A Scanner and a Mission: An Interview with Paul Ford
Article by
David BarringerJune 5, 2007
Hewlett-Packard made a big fuss about putting 80 years of
Time magazine online. It took HP Labs and a consulting
team a year to do it, and the online archive is still limited: it
provides the text of the articles but not the actual images of the
pages. Other periodicals, including magazines like The New
Yorker and newspapers like the New York Times, have
put their content online but have stopped short of providing
reproductions of the very pages as they were laid out in the
original print editions. (The New Yorker archives are only
available on DVD or portable harddrive.)
Magazines and newspapers are visual creatures that provide
insights into their cultural moment.
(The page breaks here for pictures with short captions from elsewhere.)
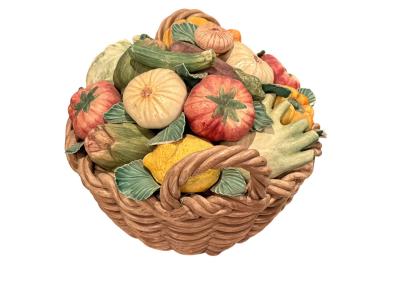ITALIAN MID CENTURY MATTE CERAMIC BASKET OF VEGETABLES CENTERPIECE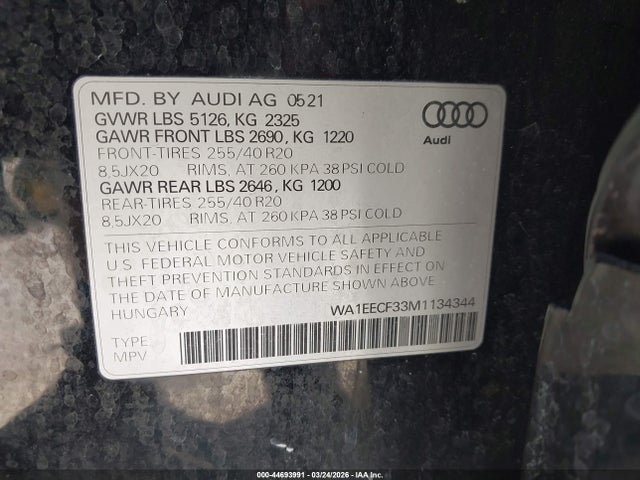 44693991 :رقم المزاد ، WA1EECF33M1134344 vin ، 2021 Audi Q3 Premium Plus 45 Tfsi S Line Quattro Tiptronic مزاد بيع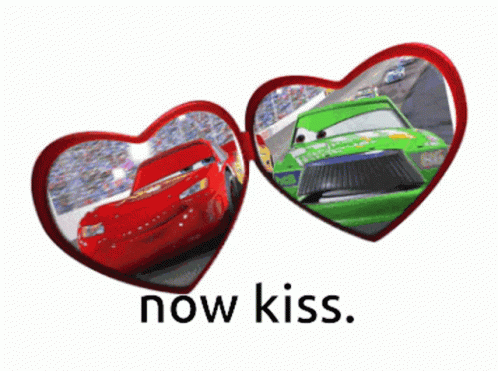 Two Heart Shaped Mirrors With Cars On Them And The Words Now Kiss Below Them GIF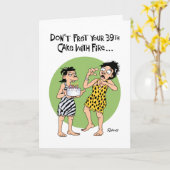 Carte Funny 39e anniversaire (Fleur jaune)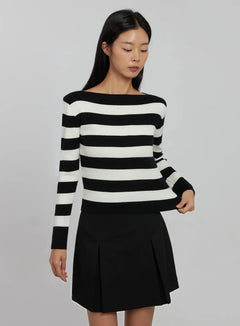striped-boat-neck-knit-top-ij508 / Black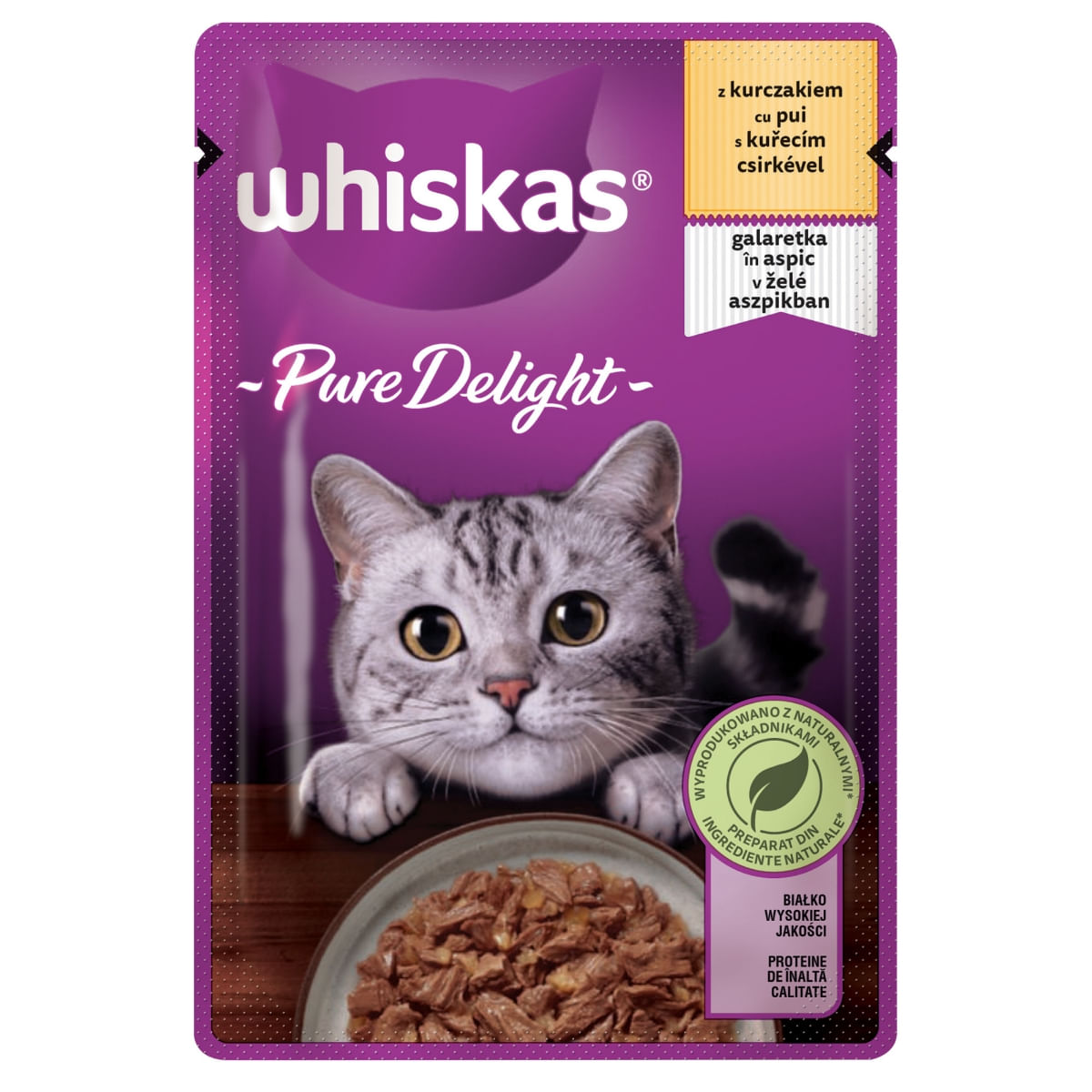 WHISKAS Pure Delight, Pui, plic hrană umedă pisici, (în aspic), 85g
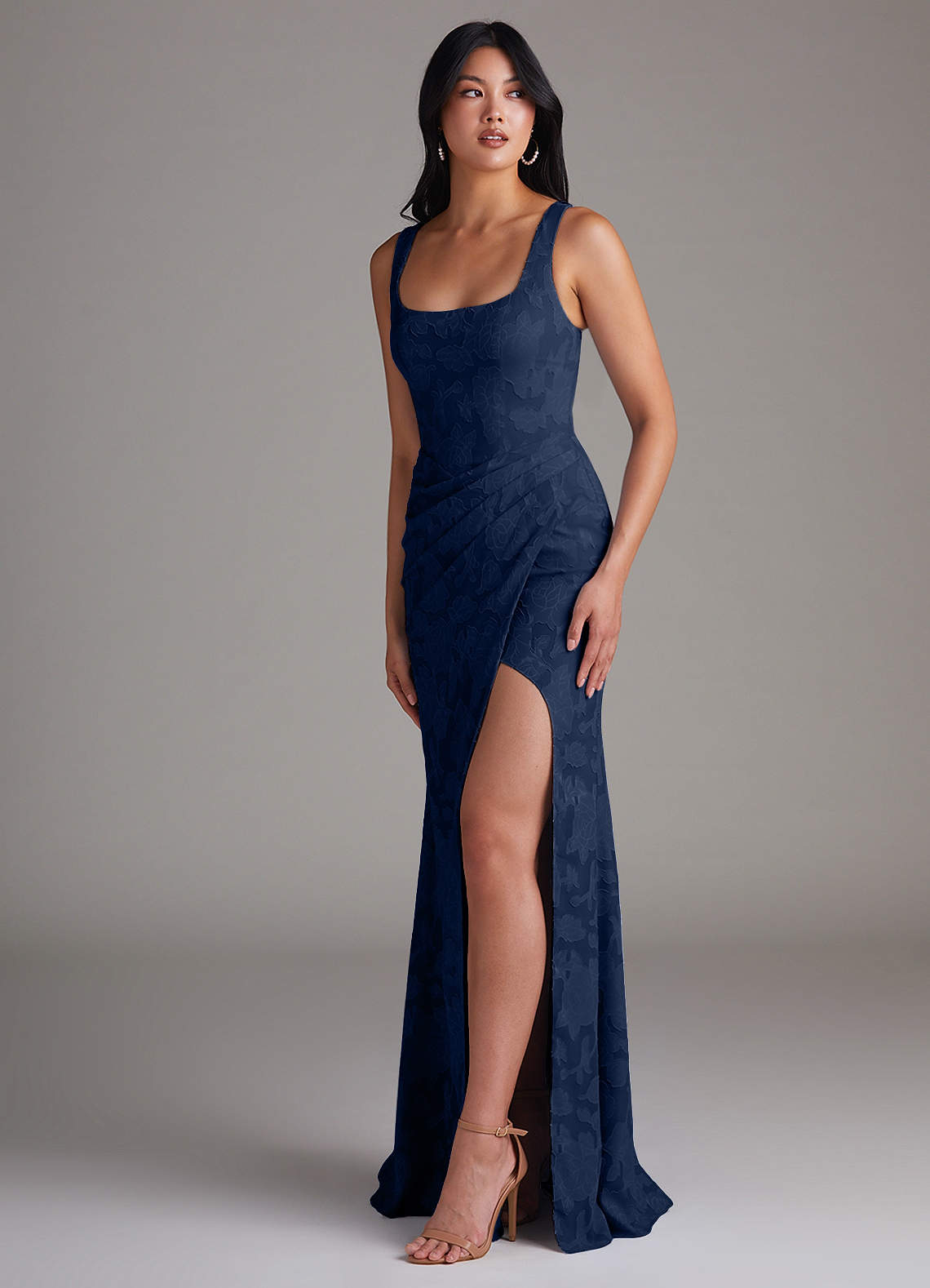 Azazie Mero Bridesmaid Dresses Dark Navy Sheath Pleated Floral Burnout Dress image1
For designers and all those
who love to study the visual histories of periodicals, reading text
without seeing the page is like reading a screenplay without seeing
the movie. Harper's
Magazine, on the other hand, has gone all the way. It has
created what associate editor Paul Ford calls "a massive,
interlinked, searchable document that provides quick access" to 157
continuous years of Harper's—with illustrations and all.
Working alone, without any consulting team and without fuss, Ford
has been a man with a plan, a scanner and a lot of patience.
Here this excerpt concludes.